Vom Schattendasein eines großen Werkes

Der Dirigent Andreas Spering über Joseph Haydns erstes Oratorium „Il ritorno di Tobia“ und seine CD-Einspielung

„Besonders glühten seine Chöre von einem Feuer, das sonst nur Händel zu eigen war…“, schrieb die Wiener Realzeitung vom 6. April 1775 in ihrer Rezension zu den beiden Erstaufführungen eines Haydn-Oratoriums in Wien.
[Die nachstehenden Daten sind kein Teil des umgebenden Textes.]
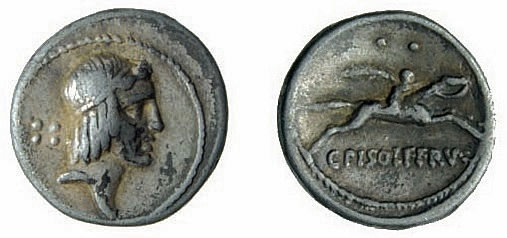 CALPURNIA 24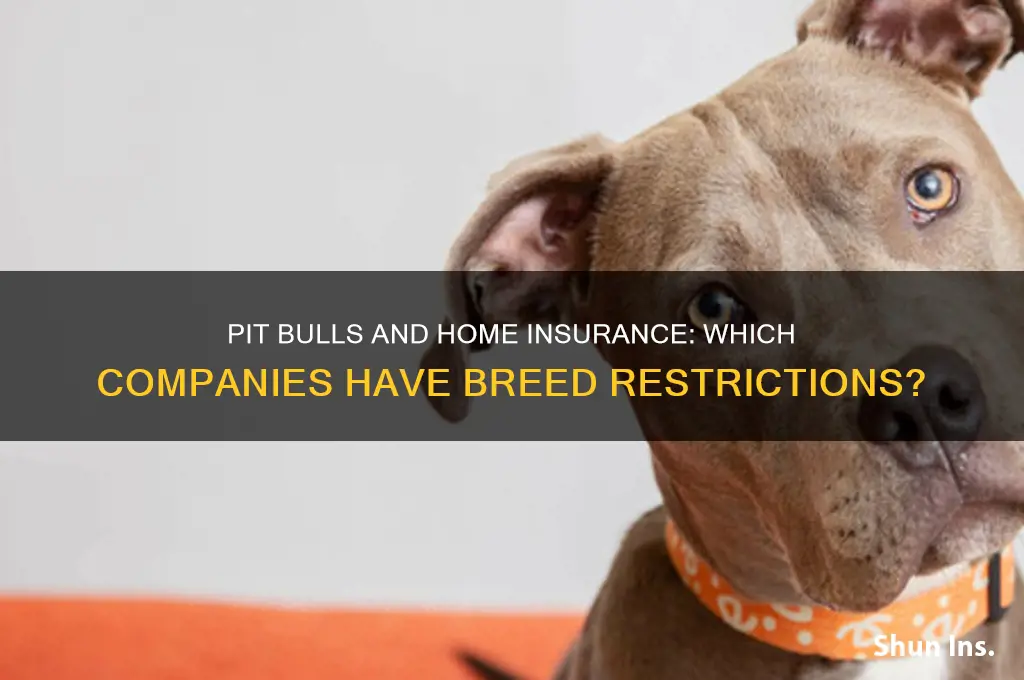 which himeowner insurance companies black list pit bull dogs
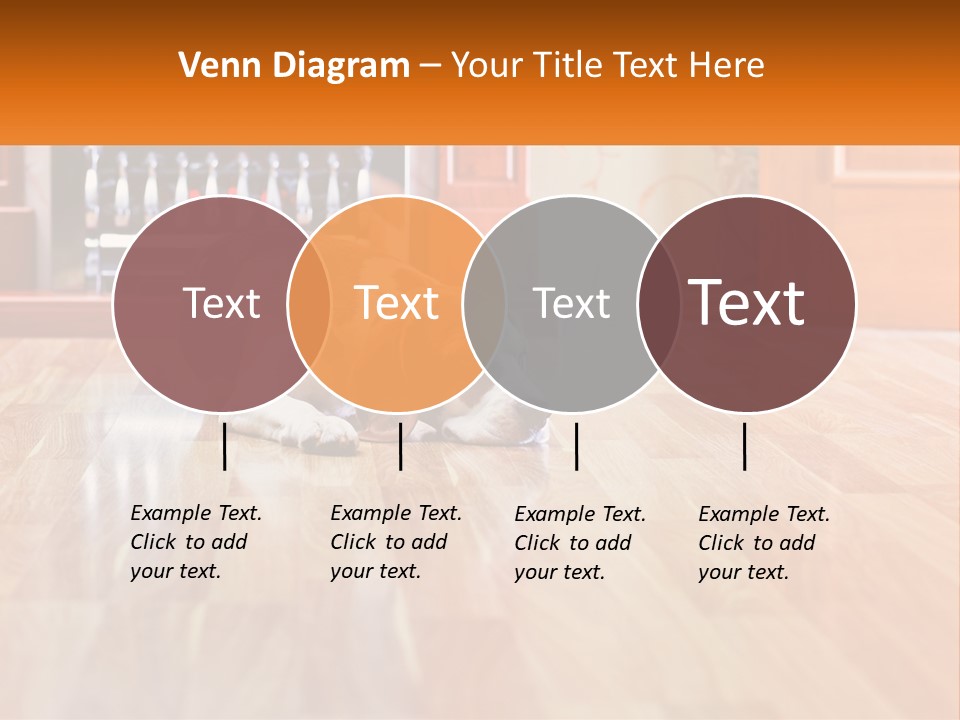 A Brown And White Dog Laying On Top Of A Hard Wood Floor PowerPoint Template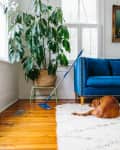 Large plant beside blue sofa, dog resting on white rug, and mop on wooden floor.
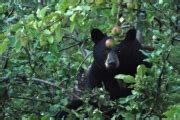 Bears like fruit so Bear Aware has a few tips to keep them away - The ...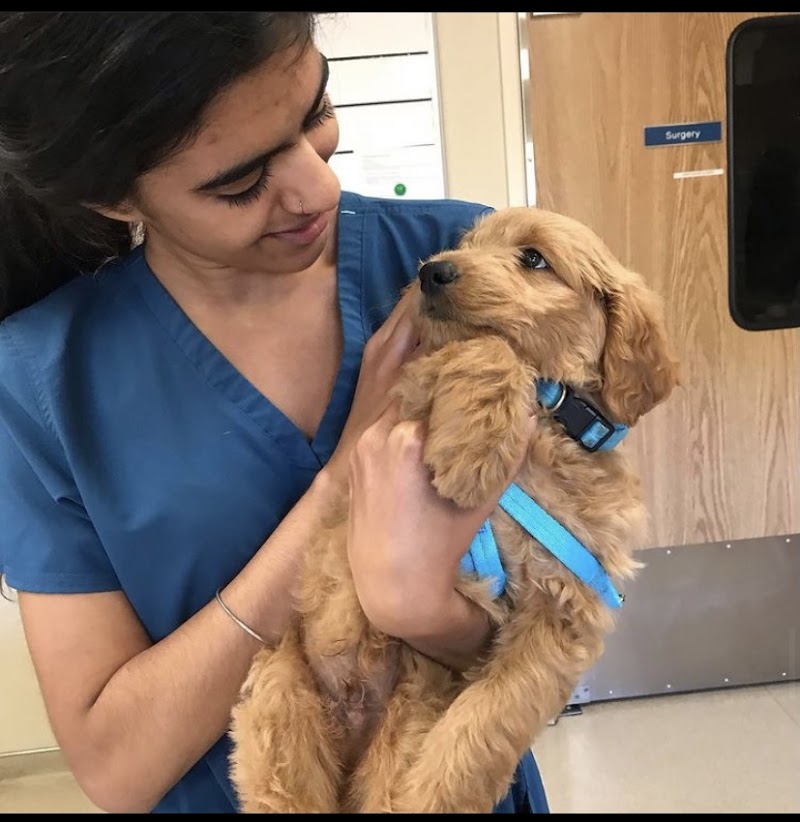 VCA Contra Costa Animal Hospital photo 5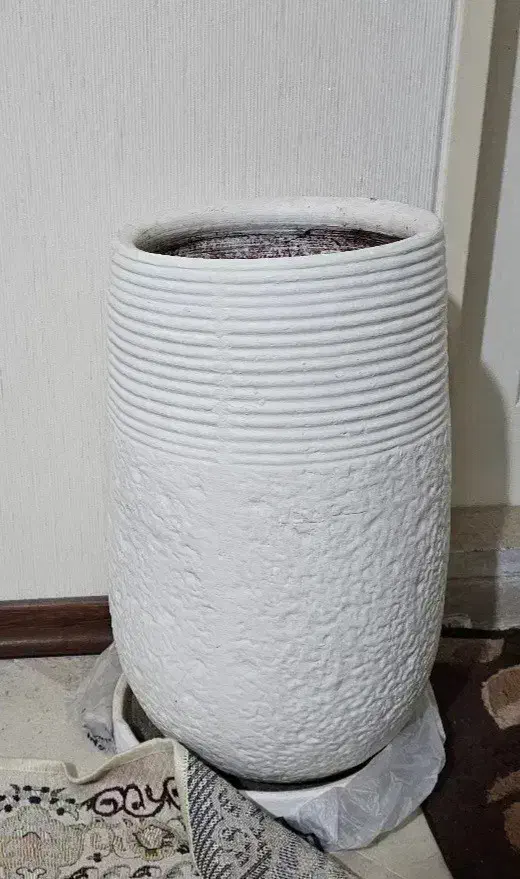 گلدان سفالی با زیر گلدان|گل و گیاه طبیعی|تهران, هفت حوض|دیوار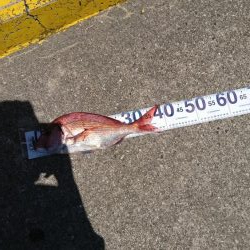 青物ねらいからの真鯛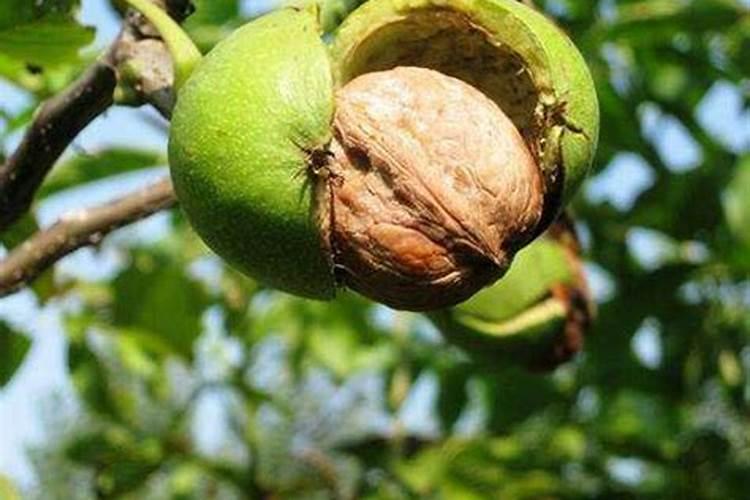 西红柿开花结果期怎么施肥和管理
Wohlgemerkt: Die Rede war nicht etwa von der „Schöpfung“ oder den „Jahreszeiten“. Zu dieser Zeit nämlich hatte Haydn seine beiden Reisen nach London noch gar nicht angetreten, wo er bekanntlich anlässlich eines Händel-Gedenkfestes in der Westminster Abbey die Aufführung von dessen „Messias“ mit 885 Mitwirkenden begeistert erlebte. Dieses Ereignis wiederum rief ja seinen Wunsch auf den Plan, ein ebensolches Werk zu schaffen, ein Oratorium dieser Tragweite! Bis dahin jedoch sollten noch fast 20 Jahre ins Land gehen. Das Werk, mit dem Joseph Haydn jedoch bereits im April 1775 einen wahrhaft großen Pub-likumserfolg erzielte, war sein erstes in dieser Gattung: das Oratorium „Il ritorno di Tobia“. Er griff dafür noch auf jene Form zurück, wie sie zu dieser Zeit in Italien und darüber hinaus bis nach Wien verbreitet war: zweiteiliger Aufbau mit 34 Sätzen, circa 3 Stunden Dauer, ausgeprägte Rezitative für die Schilderung des Handlungsverlaufs und ausladende Arien – Haydn hatte die Form für seinen „Tobias“ sehr genau studiert und dennoch versucht, den statischen Ablauf aufzubrechen. Dass das Stück keine zehn Jahre später wieder in Vergessenheit geriet, ist mit dem sich wandelndem Geschmack des Publikums erklärbar – man war der gleichförmigen Abfolge von Rezitativ und Arie sowie seiner Länge überdrüssig. Dass dieser Zustand nahezu 200 Jahre anhalten sollte, ist kaum zu glauben, zumal Haydn 1784 seinen „Tobia“ einer Bearbeitung unterzog. Dieser Tage nun erscheint das Stück in seiner Urfassung auf CD. Der Kölner Dirigent Andreas Spering nahm sich seiner an. Zusammen mit seiner Capella Augustina und dem Vokalensemble Köln ging er, begleitet von einem sehr agilen Solistenensemble, ins Studio. Die nmz traf sich mit Andreas Spering, um mit ihm sowohl über das Stück als auch über die Chancen und zugleich Tücken musikalischen Zeitgeschmacks zu sprechen.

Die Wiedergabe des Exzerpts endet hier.